# Task requirements:
The answer must be an exact printing of every record below, with the pictures omitted.

# Supplied data:

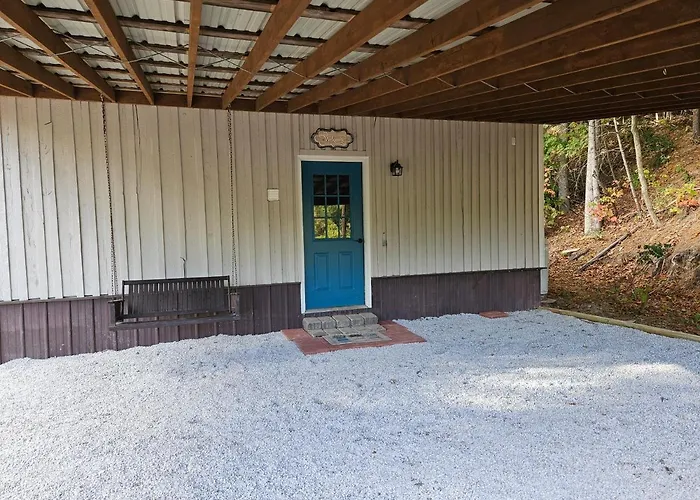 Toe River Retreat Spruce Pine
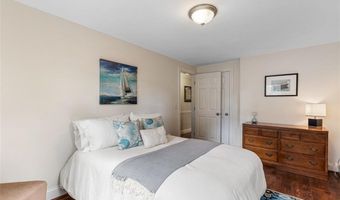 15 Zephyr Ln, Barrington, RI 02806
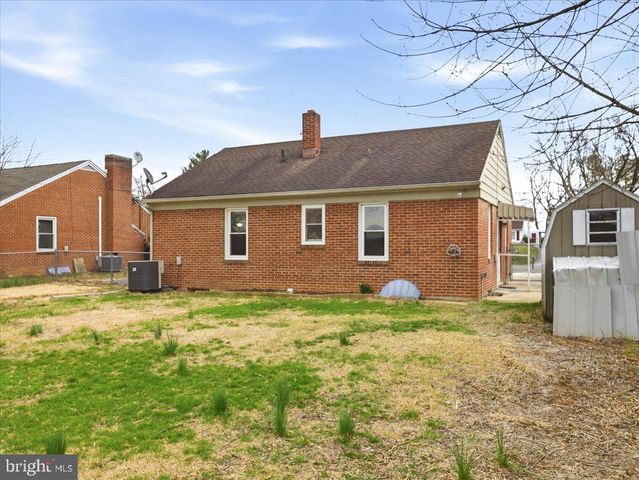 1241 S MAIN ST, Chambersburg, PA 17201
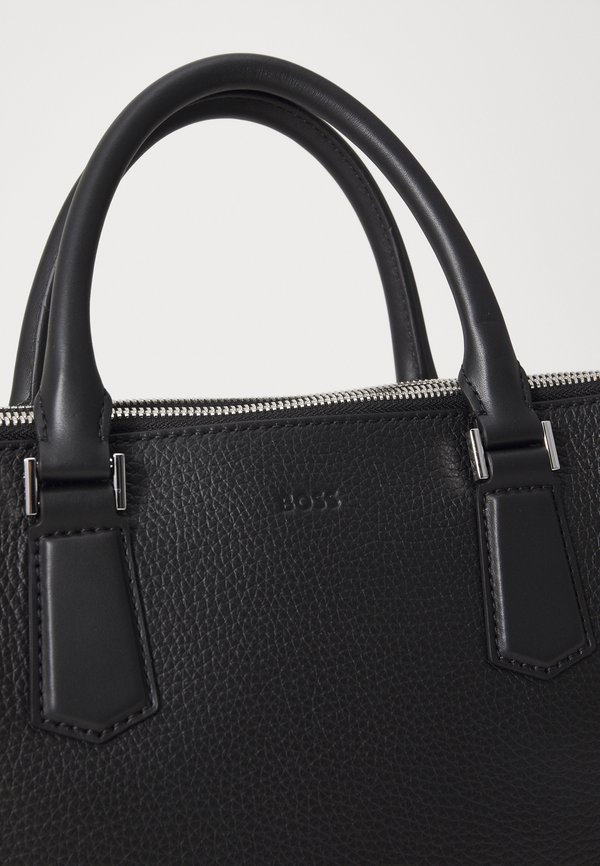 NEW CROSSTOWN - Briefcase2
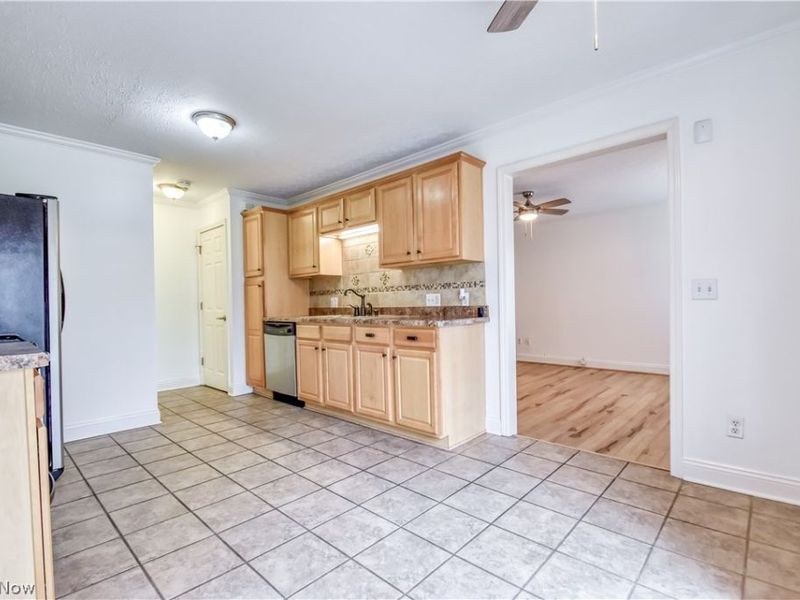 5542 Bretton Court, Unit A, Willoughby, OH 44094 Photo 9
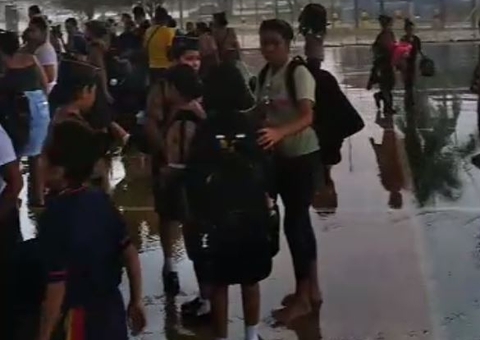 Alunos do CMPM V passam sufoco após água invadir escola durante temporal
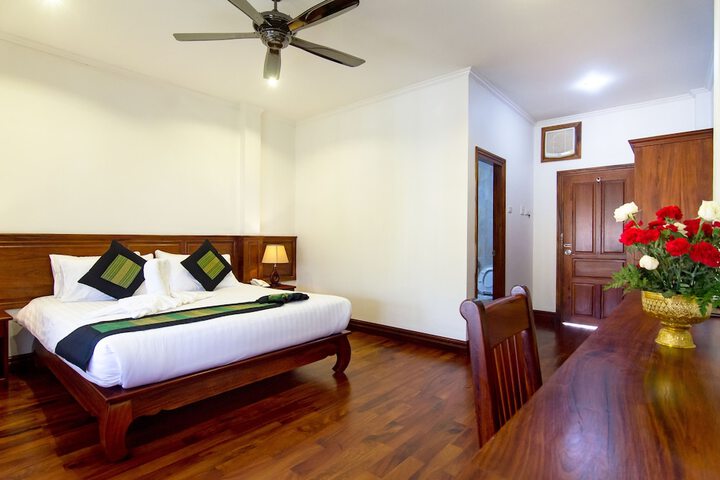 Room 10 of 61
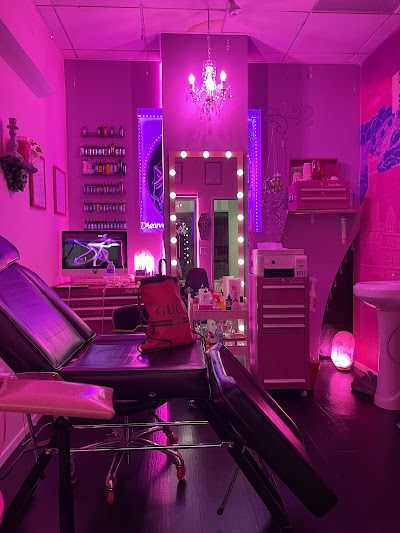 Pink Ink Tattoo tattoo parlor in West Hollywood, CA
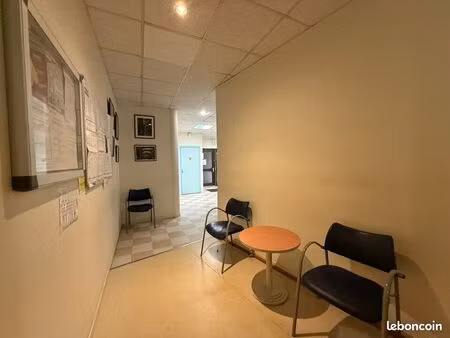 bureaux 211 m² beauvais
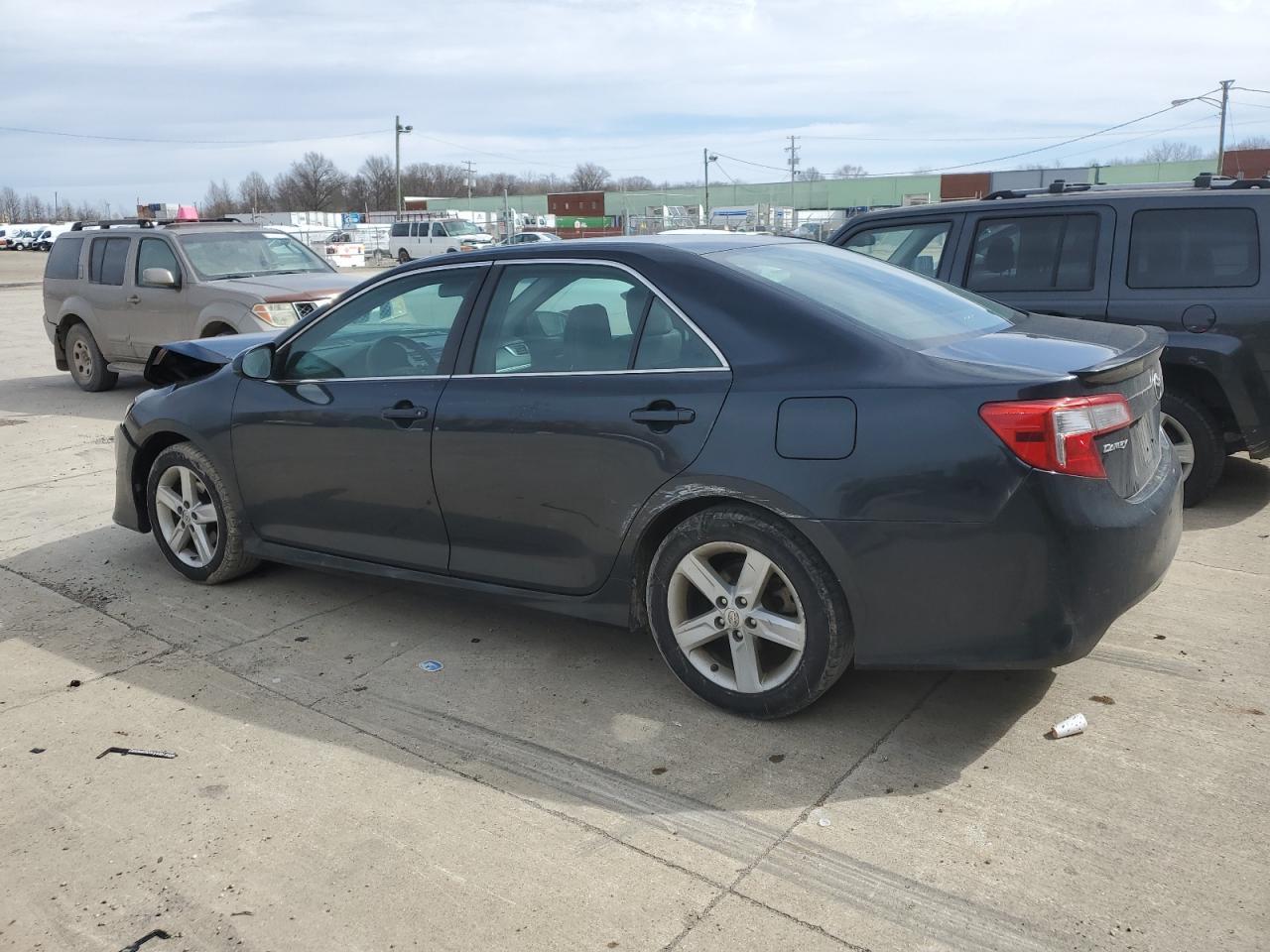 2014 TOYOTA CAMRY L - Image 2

# The completed task:
 Toe River Retreat Spruce Pine
 15 Zephyr Ln, Barrington, RI 02806
 1241 S MAIN ST, Chambersburg, PA 17201
 NEW CROSSTOWN - Briefcase2
 5542 Bretton Court, Unit A, Willoughby, OH 44094 Photo 9
 Alunos do CMPM V passam sufoco após água invadir escola durante temporal
 Room 10 of 61
 Pink Ink Tattoo tattoo parlor in West Hollywood, CA
 bureaux 211 m² beauvais
 2014 TOYOTA CAMRY L - Image 2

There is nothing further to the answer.